**Input for this task**:
══════════
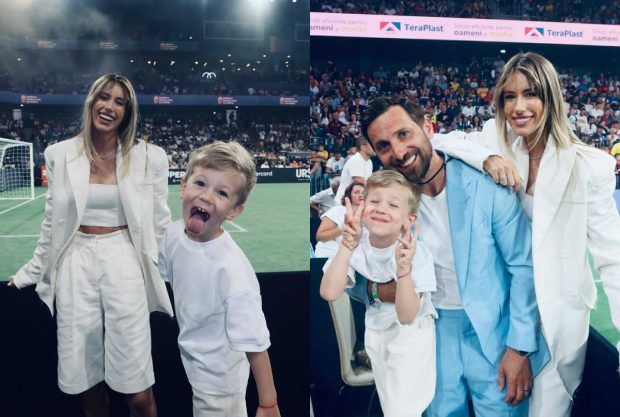 Fotografii Adorabile cu Tiago, Băiețelul lui Dani Oțil și Gabriela Prisăcariu, în Centrul Atenției la Sports Festival 2023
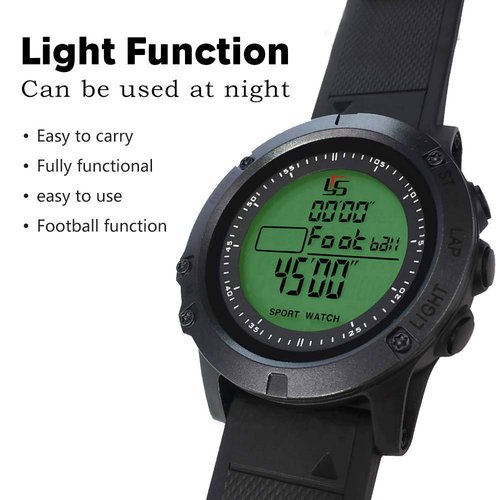 Pro Soccer Coach Watch - 100-Lap Memory Stopwatch with Countdown Timer & Silent Mode, 3-Line Backlit Display for Referees/Players, 12/24H Clock + Alarm On/Off Sports Watch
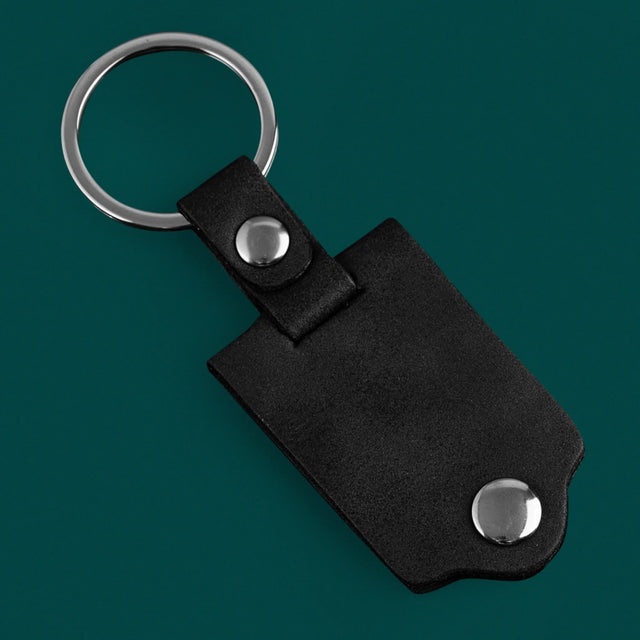 La Photo Et Un Texte: Photo Encadrée - Porte-Clés En Cuir Avec Photo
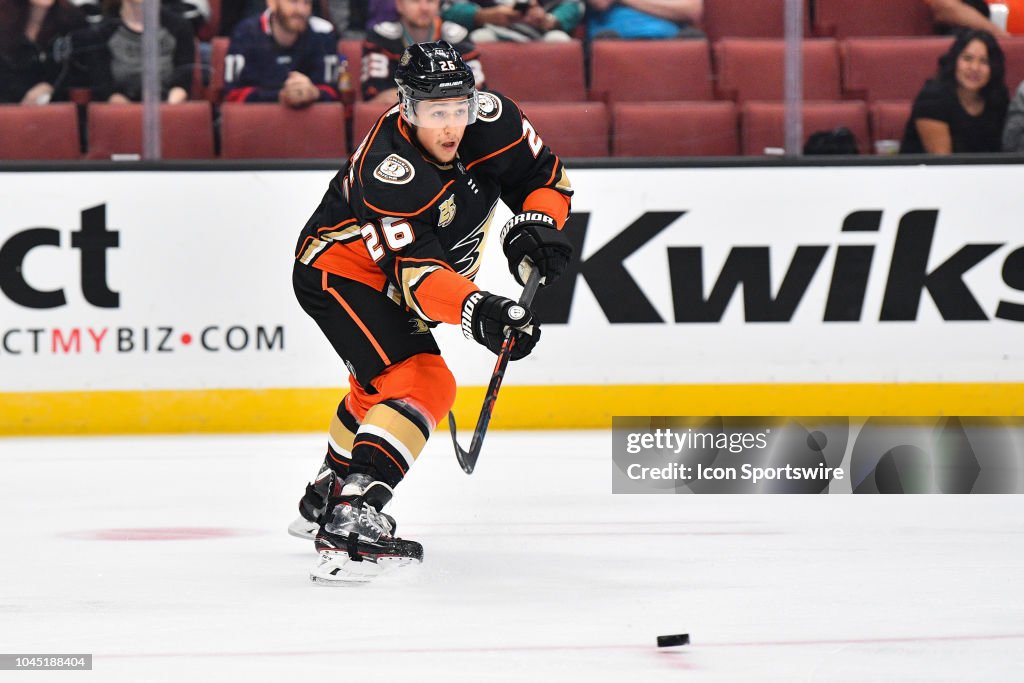 NHL: SEP 26 Preseason - Kings at Ducks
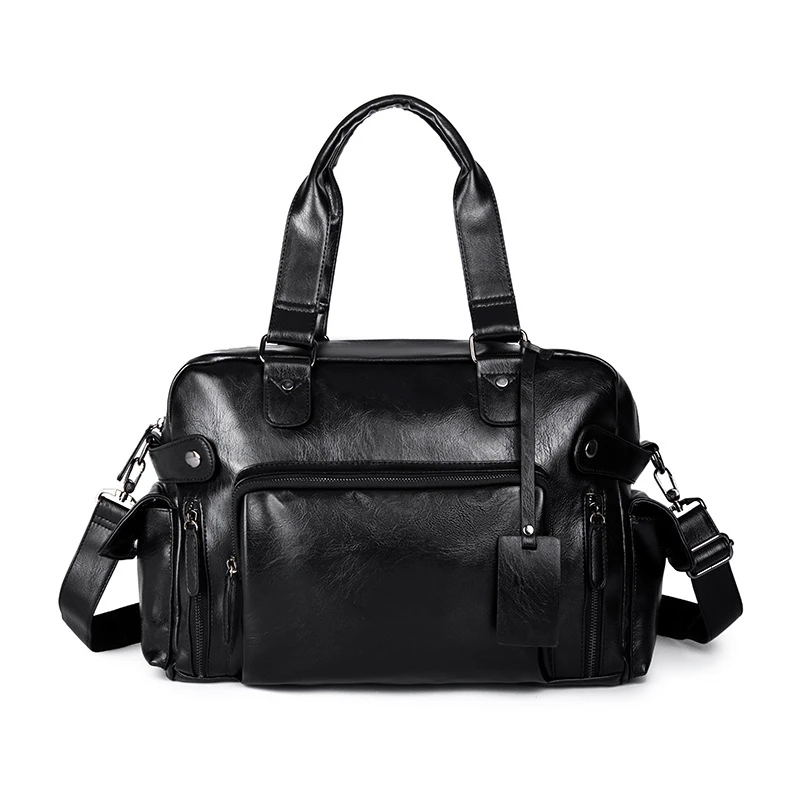 

Korean version of the classic horizontal men's hand bill of lading shoulder bag large capacity travel bag trend men satchel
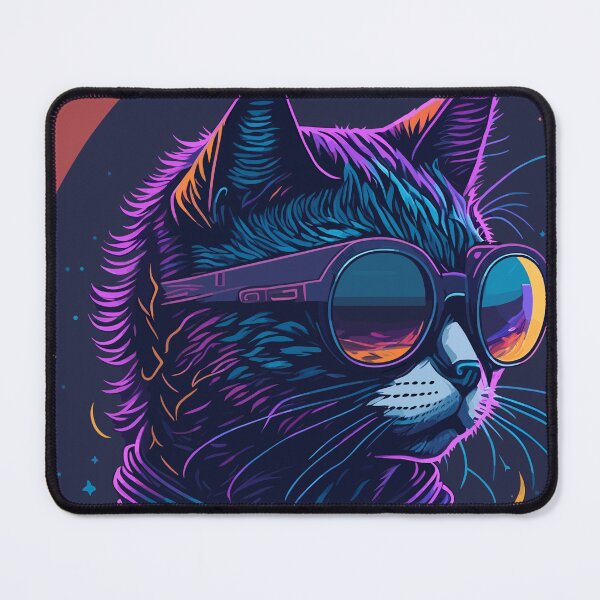 Item preview, Cyberpunk Cat - Futuristic Feline Design designed and sold by Diegos-.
══════════
**The task**: Please return the entries above exactly as they appear, but without the pictures.

**Answer for this exercise**:
 Fotografii Adorabile cu Tiago, Băiețelul lui Dani Oțil și Gabriela Prisăcariu, în Centrul Atenției la Sports Festival 2023
 Pro Soccer Coach Watch - 100-Lap Memory Stopwatch with Countdown Timer & Silent Mode, 3-Line Backlit Display for Referees/Players, 12/24H Clock + Alarm On/Off Sports Watch
 La Photo Et Un Texte: Photo Encadrée - Porte-Clés En Cuir Avec Photo
 NHL: SEP 26 Preseason - Kings at Ducks

Korean version of the classic horizontal men's hand bill of lading shoulder bag large capacity travel bag trend men satchel
 Item preview, Cyberpunk Cat - Futuristic Feline Design designed and sold by Diegos-.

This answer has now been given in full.